New Ideas

Like too many Americans, I have to take a pile of pills in the morning. I take them from my pill box with the days of the week marked, and then I put them all in the palm of my hand, toss them into my mouth, and hope to swallow the lot with a glass of water. Almost all the time, this procedure works, even if it does not look very pretty.

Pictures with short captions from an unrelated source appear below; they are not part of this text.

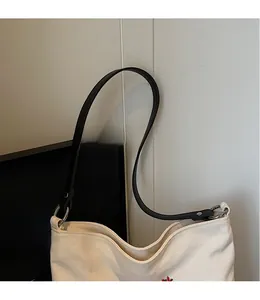 Detail of smooth black leather shoulder strap and silver metal hardware on canvas tote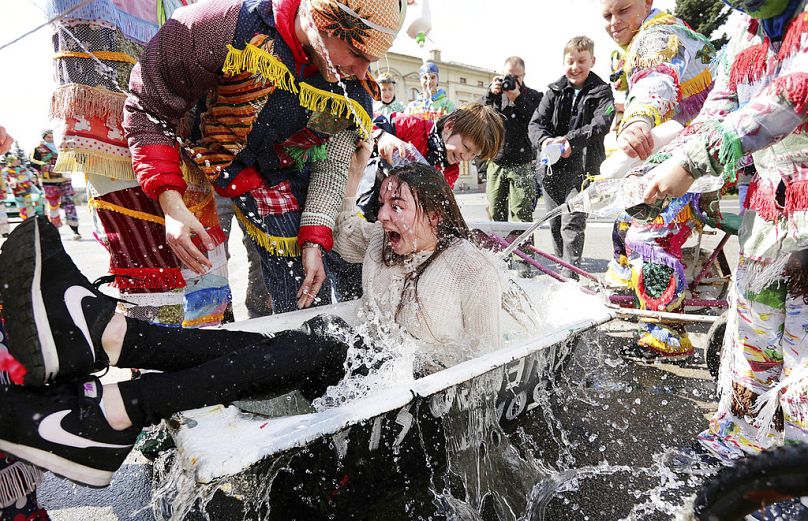 Une fille est aspergée d'eau par des garçons suivant une tradition polonaise du lundi de Pâques humide, à Wilamowice, en Pologne, le lundi 17 avril 2017.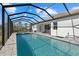 Screened-in pool and hot tub with outdoor kitchen and dining area, offering resort-style living at 19800 Montenero Way, Venice, FL 34293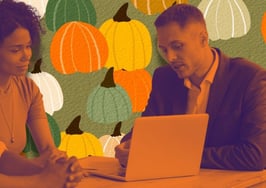 A couple sitting around a table with their real estate agent with pumpkins in the background to signify low-inventory market strategies for fall.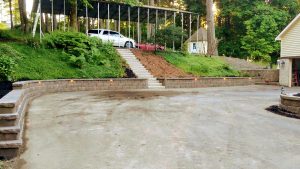 retaining wall defines the edge of the garage and parking area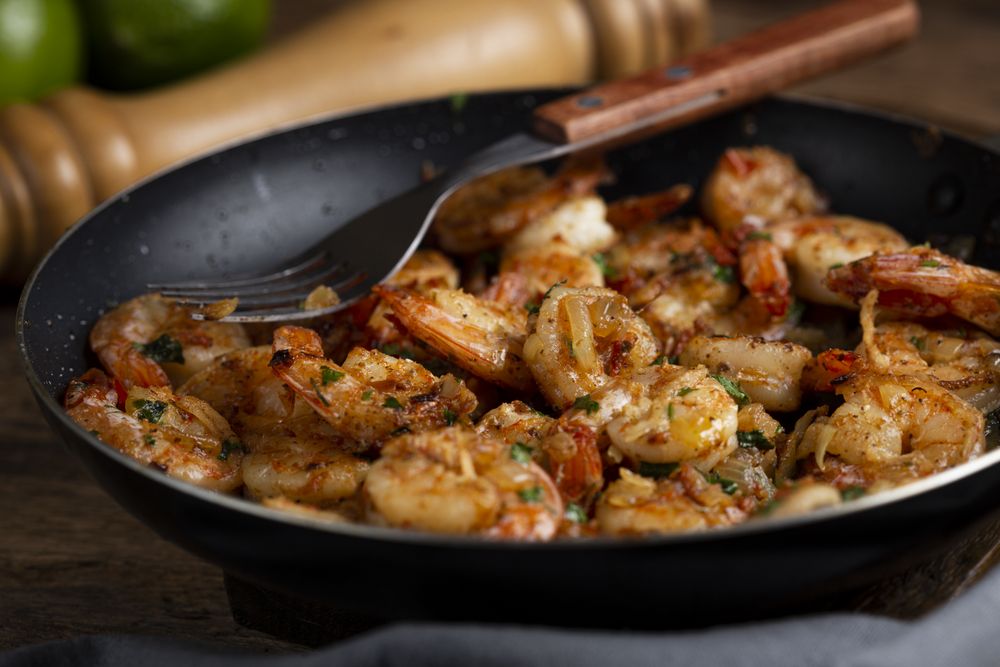 Delicious grilled prawns on wooden background.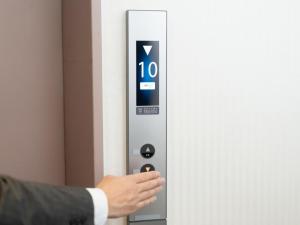 鳥栖市にあるSun Hotel Tosu Saga - Vacation STAY 49476vのスーツ姿の男がエレベーターのボタンを押している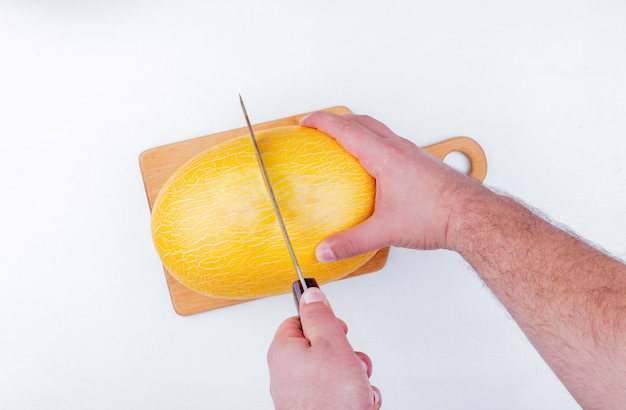 Vista superior de manos masculinas cortando melón con cuchillo en la tabla de cortar sobre fondo blanco.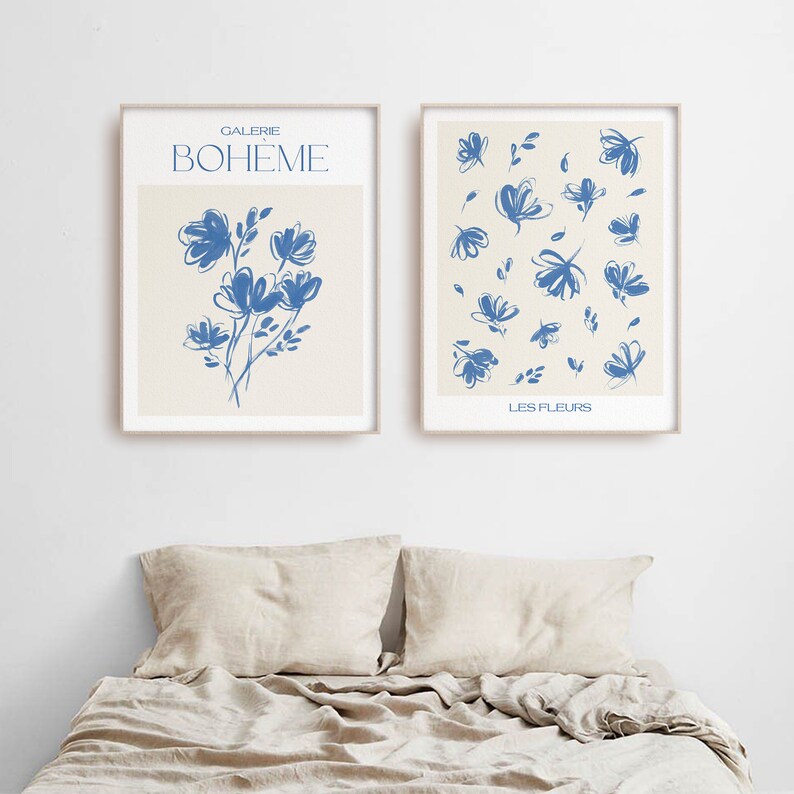 May include: Two framed prints with blue floral illustrations on a cream background. The left print has the text "GALERIE BOHEME" and a single bouquet of flowers. The right print has the text "LES FLEURS" and a pattern of scattered flowers.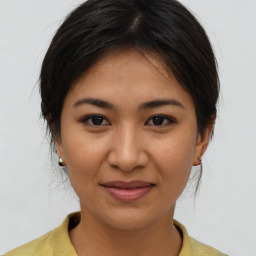 Joyful asian young-adult female with medium  brown hair and brown eyes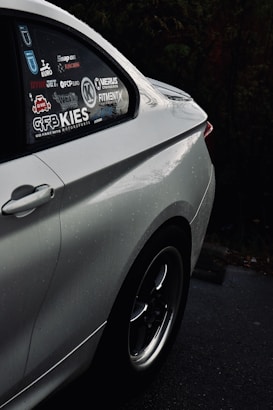 The image displays the rear side of a silver car parked on a wet surface. The car's window is adorned with multiple decals and logos related to cars and motorsports, suggesting an interest in automotive tuning or modification. Raindrops are visible on the car's surface, indicating recent rainfall. The background is dark, possibly due to the overcast weather or the time of day.
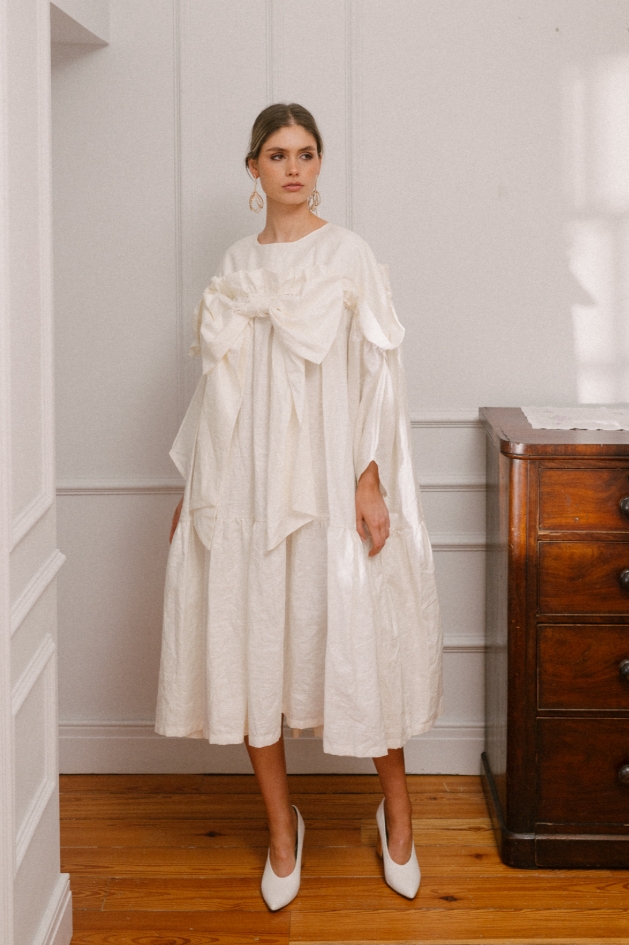 woman in oversized white dress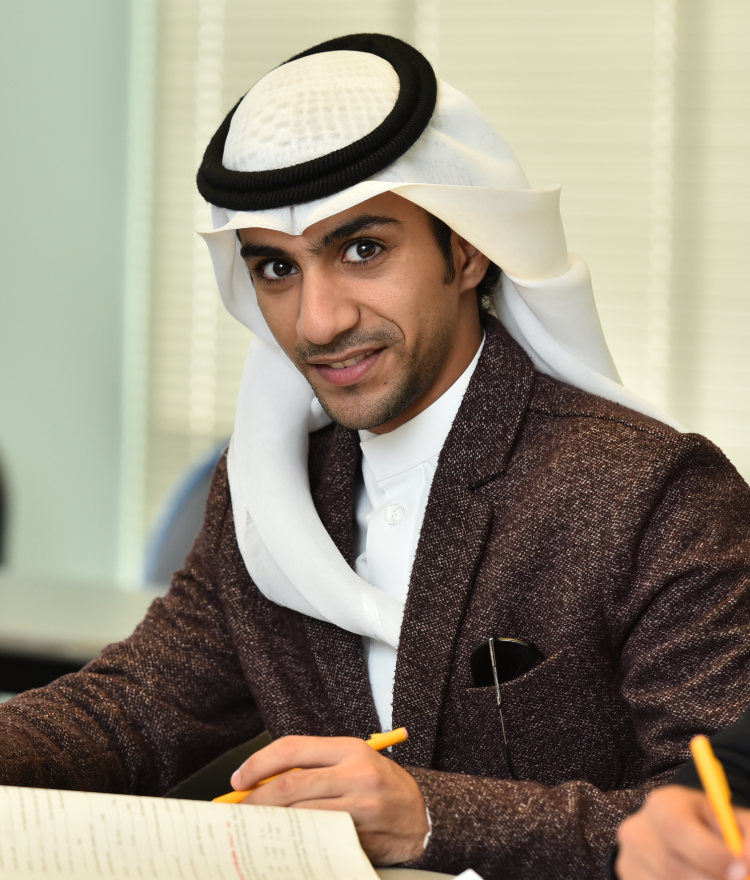 A male college student wearing a head covering looks up from writing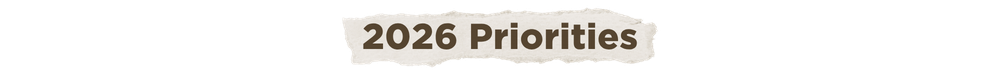 A torn piece of paper with brown text reads, "2026 Priorities."
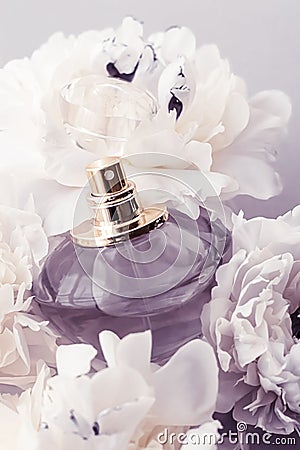 Violet fragrance bottle as luxury perfume product on background of peony flowers, parfum ad and beauty branding Stock Photo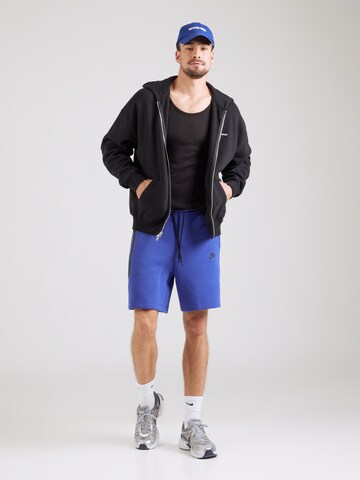 Nike Sportswear Loosefit Bukser 'Tech Fleece' i blå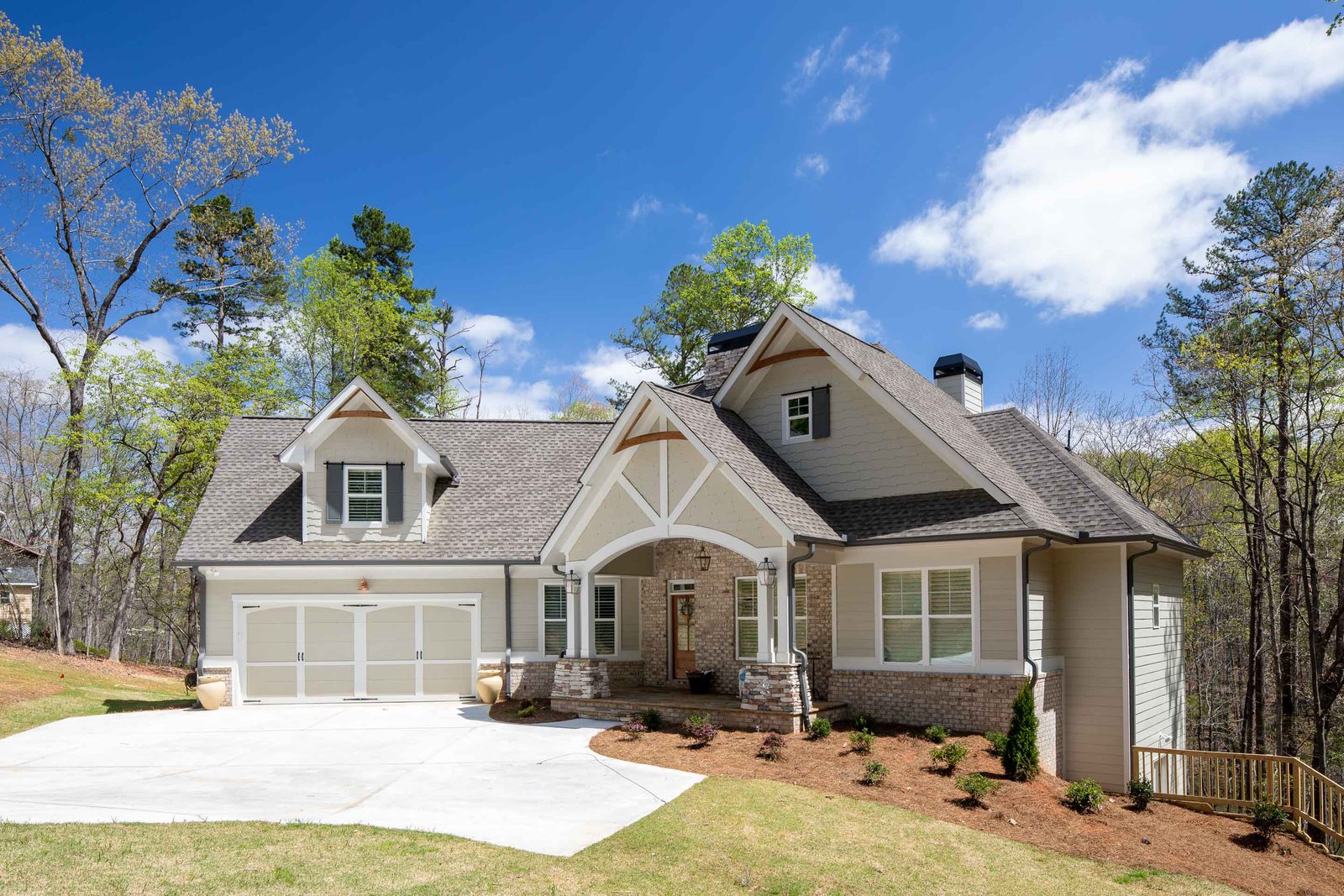 Craftsman front elevation seen from the yard — Imbriale, custom home built by Ironwood Construction Group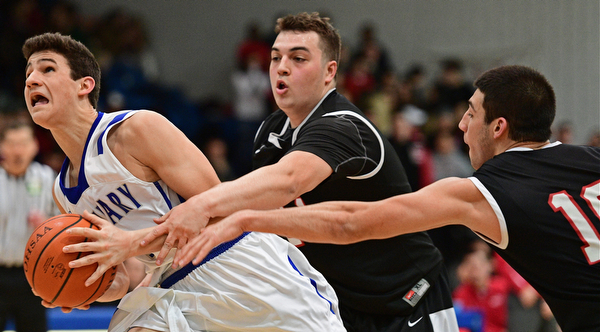 POLAND, OHIO - FEBRUARY 3, 2017: Braeden O'Shaungnessy #3 of Poland goes to the basket while Jaret Jacubec #24 and AJ Musolino #10 of Struthers reach for the ball during the second half of their game Friday night at Poland High School. DAVID DERMER | THE VINDICATOR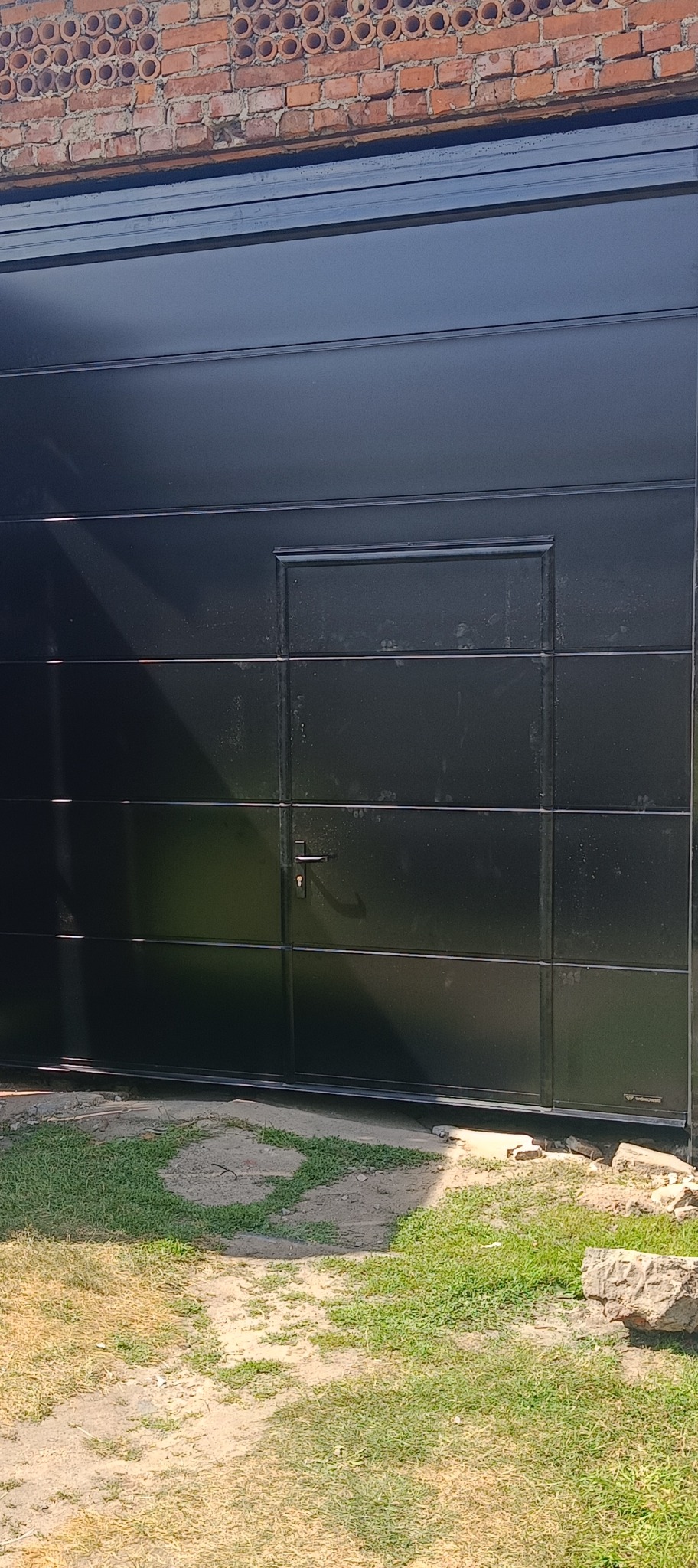 Brama segmentowa z niesymetryczna furtka w czarnym kolorze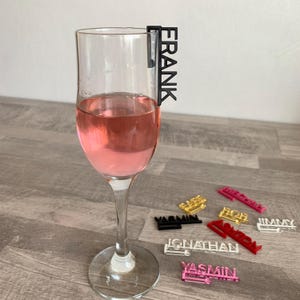 A set of colorful acrylic drink markers with names printed on them. The names include Frank, Yasmin, Jonathan, Abigail, Rich, Jimmy, and Basil. The markers are designed to be placed on the rim of a glass to identify drinks.
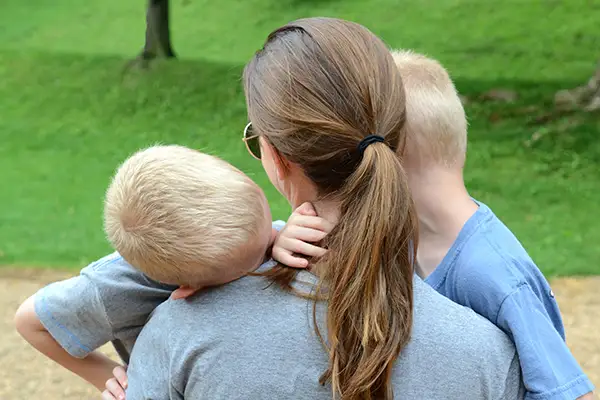 A mother holding and comforting her small twin boys after recovering from a case of Parent Alienation.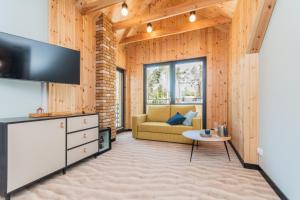 a living room with a television and a couch at Wiatr od morza Jantar - BursztynoveLove in Jantar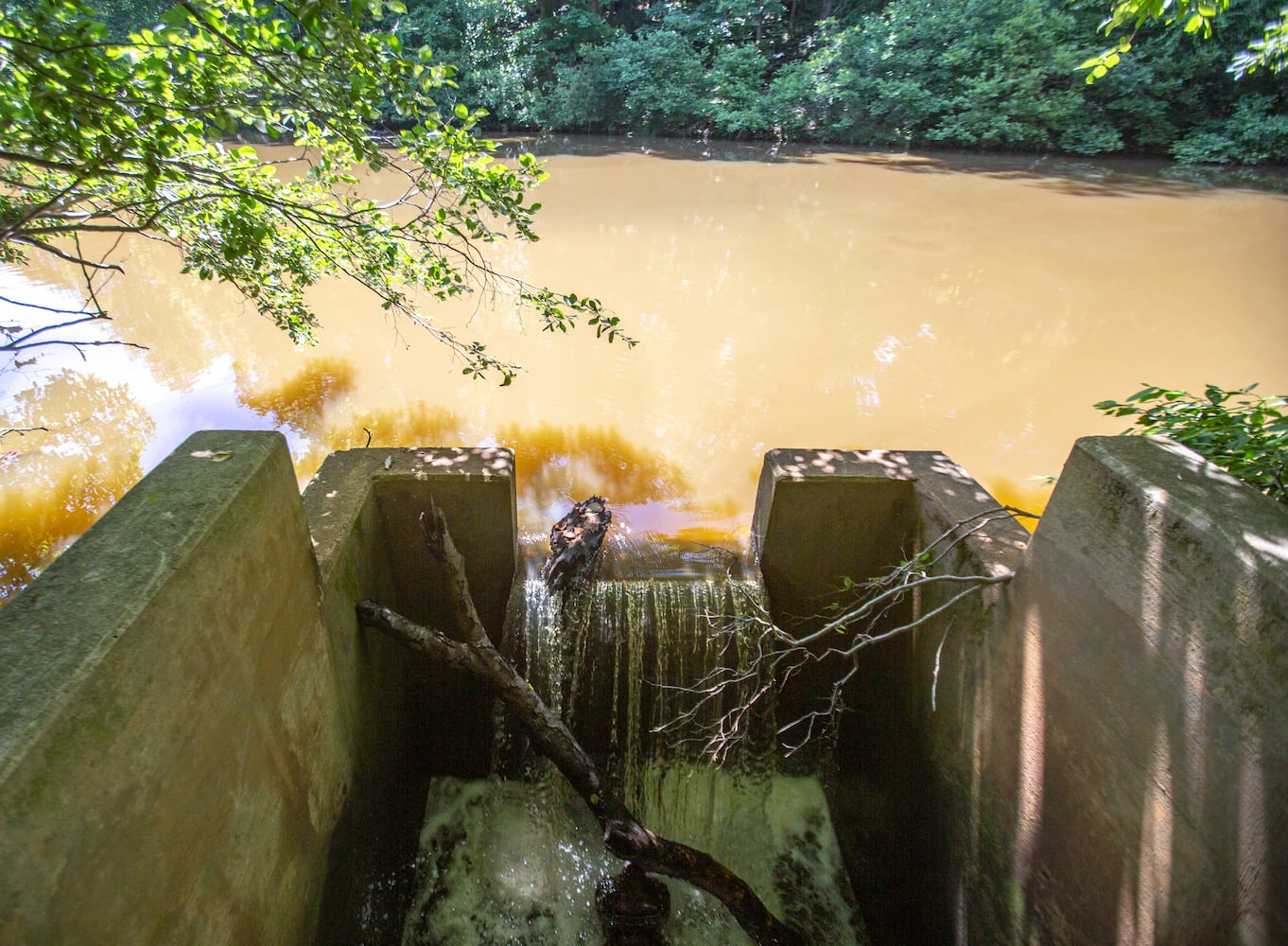 Medlock Bridge in Johns Creek errosion, run off and neglect since the city’s formation has prompted a utility fee to begin to address the problem.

But once in a while one or two of the little pills will fly to the kitchen floor and disappear. Then I have to get down on my hands and knees and search for the missing medication. If I knew more about physics or something, maybe I could calculate the trajectory, if that’s the right word, and find my missing pills using the scientific method. Lacking that ability, I just look around, swear a lot, squint my eyes, and say, “Where the hell did that sucker go, for crying out loud?” Maybe under the kitchen table. Maybe under the little table on wheels by the garden window. Maybe under the stove or the refrigerator. Maybe in the sink. Maybe out the kitchen door and down the street to the bottom of the hill, just like the meatball in the song “On Top of Spaghetti.”

So there I am, without some important pill, except that I have swallowed the other pills so I don’t even know which pill I am looking for. Is it a vitamin? Is it some exotic supplement that I hope will help me look younger and stronger? Is it one of the pills my doctor prescribed for something or other? What I do know is that the offending pill was round. Of course it’s round; that’s why it rolled someplace where I can’t spot it. And that leads me to my new idea: all pills should be shaped like a rectangle or a triangle or a pentagon, hexagon, octagon, or even a parallelogram. Just no circles, please. Any pill with some nice straight sides should fall to the floor and pretty much stay there, shouldn’t it?

So here’s my plan. Congress, at my urging, will pass a law requiring all drug manufacturers to make pills in straight shapes; circles will be forbidden. No pills imported into this great country of ours will be round, not anymore! In addition, every single drug manufacturer will have to provide pills in every possible angled shape, triangle, hexagon, rhombus, octagon, whatever. You remember plane geometry, don’t you? You see, if they have to provide maybe ten shapes, then our sluggish economy will be able to produce something: machines to construct pills of various configurations. But we must make sure that no machine is allowed to produce more than one shape. We wouldn’t want to change one little thing and then produce another design with the same machine, let’s say hexagons in the morning and octagons in the afternoon. No, that wouldn’t do. We need to require every drug company to have lots of machines so that someone back in Dubuque, Iowa is busy making those machines. I hope the drug companies remember to construct machines that will last only a few years. That way, workers in Flint, Michigan or Youngstown, Ohio will have something to do forever, or for the next fifty years, whichever comes first.

I can hear the sound of those whirring machines: “Chugga, chugga. Swoosh. Shhhhhhhhhhhhh. Bong. Bong. Tapp, tap tap. Whoosh, whoosh whoosh.” It’s the sound of money being made. Whoopee! That’s the sound of yours truly being happy, happy to have taken a lemon and made lemonade. Happy to have snatched victory from the jaws of defeat. Overjoyed at being able to contribute to the well-being of an entire nation. There is no need for applause.